## WHAT THE TASK REQUIRES
Please restate each entry word for word and leave the pictures out.

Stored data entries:
----------

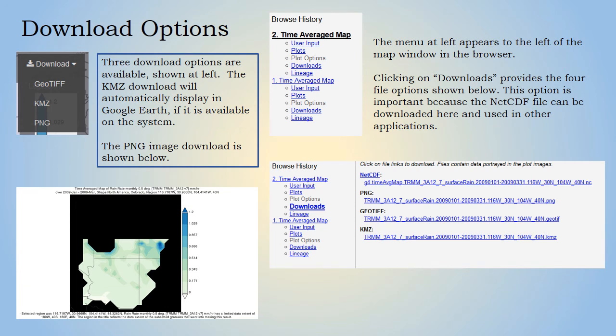Three download options are available. The KMZ download will open automatically in Google Earth if it is available on the home system. The PNG image download is also available. The browse history menu is displayed next to the map visualization in the web browser. Clicking on Downloads in this menu provides four file options, which is particularly important because the NetCDF file can be downloaded from here and used in other applications.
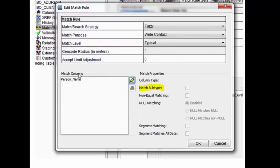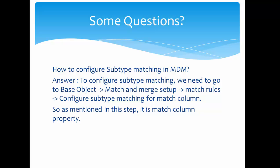Where can you configure this? You can configure the match subtype column by going to the base object, then to the match and merge setup. While defining or editing the match rules, you can select the column and define it as a match subtype. To configure subtype matching: go to base object → match and merge setup → match rules → configure subtype matching for the match column.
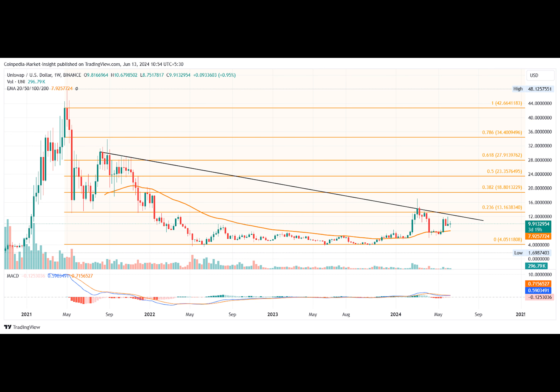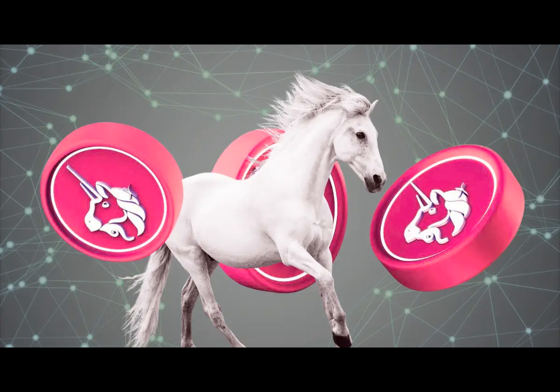The bullish trend in the 50-day and 200-day EMA sustains. As per the Fibonacci levels, Uniswap struggles to reach the 23.6% level at $13. Hence, the recovery rally must surpass the trend line and the Fibonacci level to ensure a long-term uptrend.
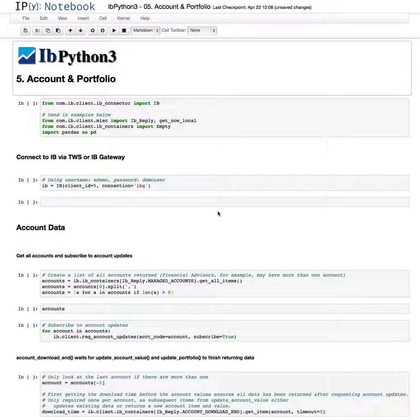Welcome back to the fifth video of the IB Python 3 Notebook series. In this video, we're going to look at the account and portfolio functions of the API.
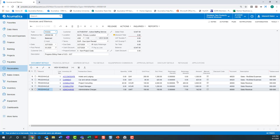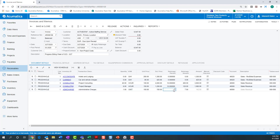Each of these lines has a different retainage percentage. Expenses are passed through with no retainage. Project consulting and project management go through with a 10% retainage, and project administrative charges go through with a 5% retainage. For each individual line of an AR invoice, we can have a different retainage percentage. These can be determined either by changing the percentage and allowing Acumatica to calculate the retainage amount, or by placing in the retainage amount and allowing Acumatica to calculate the retainage percentage.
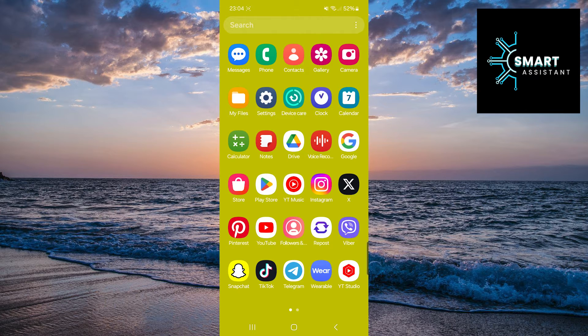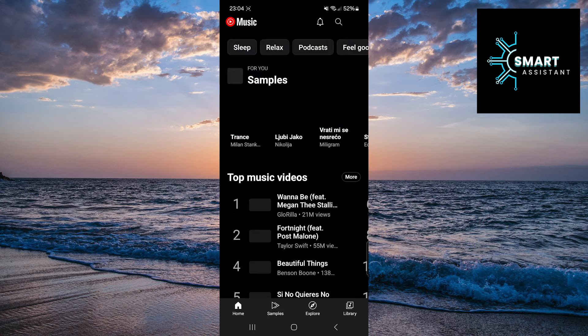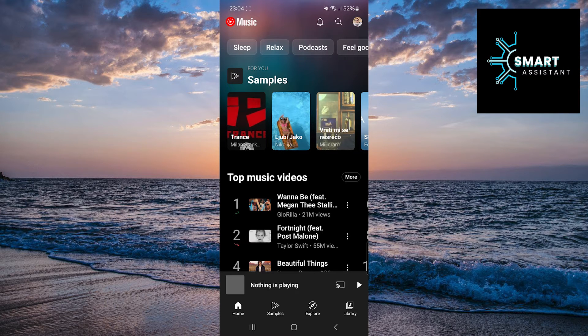The first thing you need to do is open the YouTube Music app. Then, on the main screen, tap on your profile located in the top right corner.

----------

## ANSWER TO THIS EXERCISE
Three download options are available. The KMZ download will open automatically in Google Earth if it is available on the home system. The PNG image download is also available. The browse history menu is displayed next to the map visualization in the web browser. Clicking on Downloads in this menu provides four file options, which is particularly important because the NetCDF file can be downloaded from here and used in other applications.
Where can you configure this? You can configure the match subtype column by going to the base object, then to the match and merge setup. While defining or editing the match rules, you can select the column and define it as a match subtype. To configure subtype matching: go to base object → match and merge setup → match rules → configure subtype matching for the match column.
The bullish trend in the 50-day and 200-day EMA sustains. As per the Fibonacci levels, Uniswap struggles to reach the 23.6% level at $13. Hence, the recovery rally must surpass the trend line and the Fibonacci level to ensure a long-term uptrend.
Welcome back to the fifth video of the IB Python 3 Notebook series. In this video, we're going to look at the account and portfolio functions of the API.
Each of these lines has a different retainage percentage. Expenses are passed through with no retainage. Project consulting and project management go through with a 10% retainage, and project administrative charges go through with a 5% retainage. For each individual line of an AR invoice, we can have a different retainage percentage. These can be determined either by changing the percentage and allowing Acumatica to calculate the retainage amount, or by placing in the retainage amount and allowing Acumatica to calculate the retainage percentage.
The first thing you need to do is open the YouTube Music app. Then, on the main screen, tap on your profile located in the top right corner.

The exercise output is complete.